Can India Ban Bitcoin? – Trustnodes

Can India Ban Bitcoin?


India finance minister

The peasants have risen in India shouting plutocracy while a new Biden administration has many wondering which way India will go.

In this context, we have re-surfacing reports of long standing rumors that the Indian government may go as far as criminalize the act of possessing bitcoin itself.

Maybe not that far, says another report. “Sources” suggest they might follow China, which would mean ban crypto exchanges but not Over the Counter (OTC) peer to peer trading, not possession itself.

A minister went on the record to say that it may be just regulation, with the Minister of State for Finance Anurag Singh Thakur stating:

“The government does not consider cryptocurrencies legal tender or coins and will take all measures to eliminate use of these crypto-assets in financing illegitimate activities or as part of the payment system.”

The latest report is that no decision has been made. A committee was set up and came up with two opposing conclusions, one report said cryptos should be embraced while the other said they should be banned completely.

Then we have ‘sources’ suggesting the Cryptocurrency and Regulation of Official Digital Currency Bill 2021 ‘might‘ be pushed through an Ordinance, that being the same as an executive order in the US.

If it is pushed through an ordinance, then India’s Prime Minister Narendra Damodardas Modi would take full responsibility himself for this far reaching decision.

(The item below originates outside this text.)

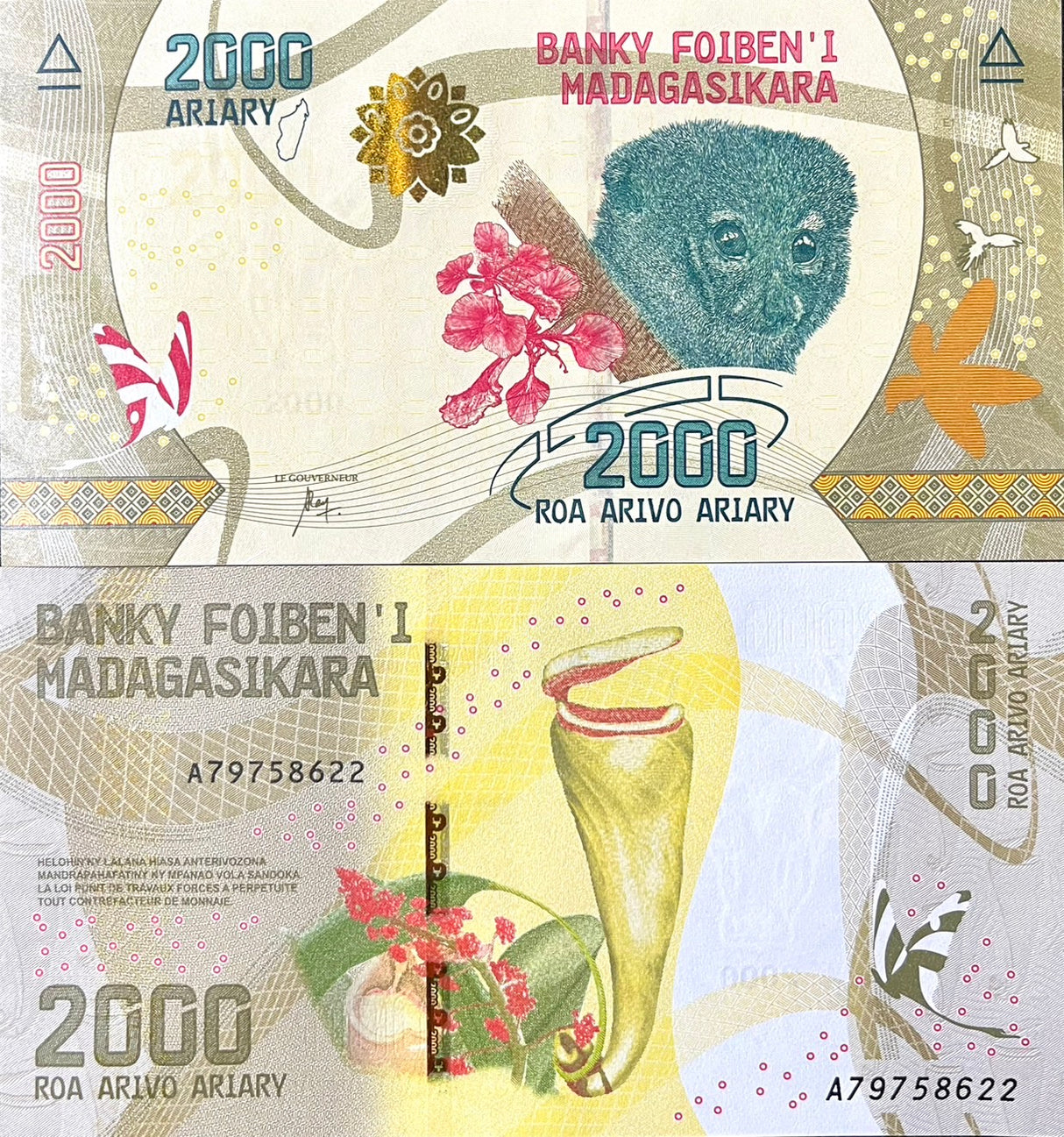Madagascar 2000 Ariary ND 2017 P 101 UNC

It may also be open to a legal challenge on the grounds of proportionality which the Indian government may lose again, but this time to the embarrassment of Modi himself.

So they may have no choice but to go through parliament. However doing so at any time when India’s reputation is at stake, including its standing as a tolerant democracy that is open to innovation, would be quite challenging. Doing so while farmers are on the streets, may risk a far bigger debate, including just who is Modi’s government serving?

Certainly not the people if they deny them the choice to hold digital gold, especially when India’s inflation is down to 4%. Thus there would be no argument of substance on monetary policy grounds because cryptos in India are still far too small and generally are not used for payment but for investment, like in gold or in the stock market.

Such decision instead would lower economic dynamism because a fast growing and highly innovative space would be oppressed without sound grounds or arguments.

Quite a few would also notice that India following China’s approach on bitcoin instead of the west would be a peculiar choice especially when there’s speculation regarding their commitment to the Quad.

Modi and his advisors therefore need to very carefully consider this most drastic act, not least because there clearly appears to be a political battle going on within the Indian government, hence we’re hearing all these different reports from criminal possession to regulation.

The latter is the approach of every free democracy, and therefore the Indian government would need to clearly explain to its people why they would follow the approach of an authoritarian government which they were fighting until recently in the mountains.

Not that they can successfully ban bitcoin. As the recent arrest of some Chinese citizens shows, bitcoin has a way of getting around censorship.

All they would do is isolate India from potential legitimate investors who may well put it in the same box as authoritarian China due to taking the same approach on economic freedoms.

Something that would be ironic because the government that calls these farmers as anti-India may be seen by some as itself being anti-India if it takes the dictatorial step of denying the people the right to hold digital gold.